15 Kasım 2010 Pazartesi

Bir Grande Latte lütfen ..

      Son birbuçuk senemdeki her akşamımı geçirdiğim Starbucks Suadiye . Çalışmanın tadını keşfettiğim ilk yer, kahve sınavlarım, hedef tutturma çabalarımız, su savaşları ve mükemmel yiyecekleriyle kahveleri... Bu seferki yazımda da bahsedeceklerim bunlar olacak zaten. Öncelikle kahve uzmanlığı sınavından söz edeyim biraz, tüm yöresel kahveler, kahvenin işlenme süreci  kısaca kahveyle alakalı herşey üzerine bir sınava giriyoruz, o sınavdan 80 ve üzeri puan alırsak ''Kahve Uzmanı'' oluyoruz. Normalde bu sınava daha çok full time olup yükselmek isteyenler giriyor fakat ben de bi şansımı deneyeyim belki olurum dedim ve şans yüzüme güldü sınavdan 82 alarak ''Coffee Master'' oldum. Şimdi sor nerdeyse herşeyi unuttum (: Ama kesinlikle tavsiye edebileceğim iki yöresel kahve var ki, biraz tatlarına alışınca gerçekten aradaki farkı anlayıp bırakamayacaksınız. Verona ve Kenya (: Yoğun kahveyi seviyorsanız kesinlikle bayılırsınız. Ama kahveden çok asıl bahsetmek istediğim Starbucks'taki yiyecekler.
     İlk önce eğer ki karnınız Starbucks'ta doyurmak istiyorsanız seçmeniz gereken şeylerden biraz bahsedeyim. Mantara karşı bir antipatiniz yoktur umarım, çünkü eğer ki Fiesta denen o mükemmel sandviçi denemeden giderseniz kendinizi yaşamış saymayın. (abartmadığıma emin olabilirsiniz) Çavdarlı panini ekmeğinin arasında tavuk, mantar ve kaşar rendesi var, birazcık da baharat. Onu bir de ısıtıyorlar içindeki kaşar eriyor, eriyor eriyoor ben de eriyorum (: He bu arada ufak bir not fiestayı kibarlık yapıp çatal bıçakla yemeye kalkmayın, rezil olabilirsiniz ((: Kocaman bir sandviç zaten doymamanız imkansız ama eğer derseniz ki benim midem o kadar büyük değil biraz daha ufak birşeyler tavsiye et, sebzeli wrap (: Ben zaten tortilladan yapılmış herşeye bayıldığım için sebzeli wrap benim için bir fenomen !
  Şimdi gelgelelim tatlılara, aah ahh (: Kesinlikle Berliner en güzeli en özeli.
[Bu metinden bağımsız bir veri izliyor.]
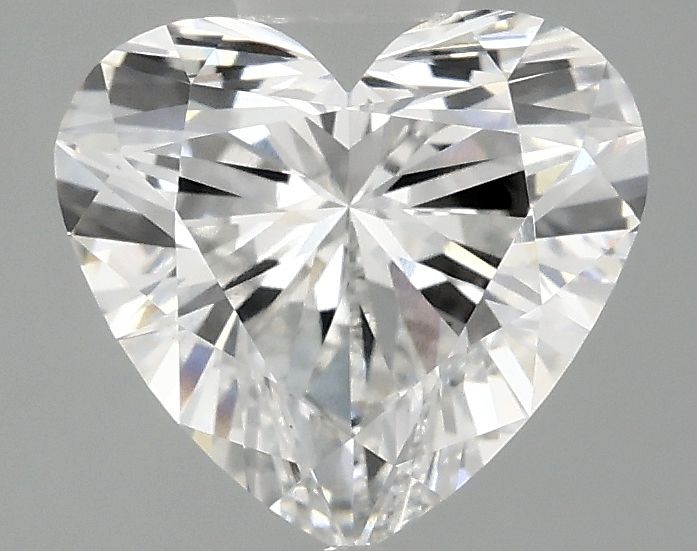 1.99 ct. heart Lab Grown Diamond front image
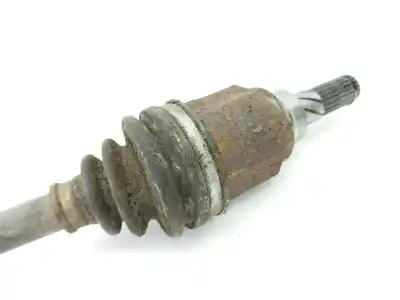 İkinci el araba yedek parçası sol arka sanziman için nissan qashqai / qashqai +2 i (j10, nj10, jj10e) 2.0 dci a las 4 ruedas oem iam referansları 39600jd60b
Zaten bildiğimiz Alman donut olarak bilinen berliner gerçekten ilk işe girdiğimde abartısız her gün yediğim mükemmel ötesi bir tatlı, içinde nutellamsı bir çikolata , dışı donut hamuru, üzerinde de çikolatayla süsleme, nasıl canım çekti şuan (: Bir de Starbucks browni var ki akıllara zarar, birgün onu yemekten mide fesatı geçireceğim kesin, hem çok yağlı hem çok kalorili hem çok yoğun ama anlatılamaz bir şey hele de ısıtılınca... Şuana kadar yediğim en güzel browni diyebilirim kendisi için. Ama dikkat yaklaşık 550 kalori kadar (: Olur da Starbucks'a gittiğinizde diyette olursunuz falan en müsait tatlı Bella Vista, bu tatlı pek güzel ve yalnızca 254 kalorii (:
 bu arada içecekler için de küçük bir tavsiye sıcak çikolatanızı bir de ahududu şurubuyla deneyin derim ben, kesinlikle pişman olmayacaksınız..
  Bu ayın sonunda çıkıyorum sevgili işyerimden, artık gidersem ayda yılda bir müşteri olarak giderim en fazla ama orada geçirdiğim iyi kötü birbuçuk senemi ve yiyeceklerini asla unutmayacağım..
  Sevgiyle ve lezzetle kalın dostlarım

24 Ekim 2010 Pazar

İnsanın başına ne gelirse, fazla meraktan gelirmiş .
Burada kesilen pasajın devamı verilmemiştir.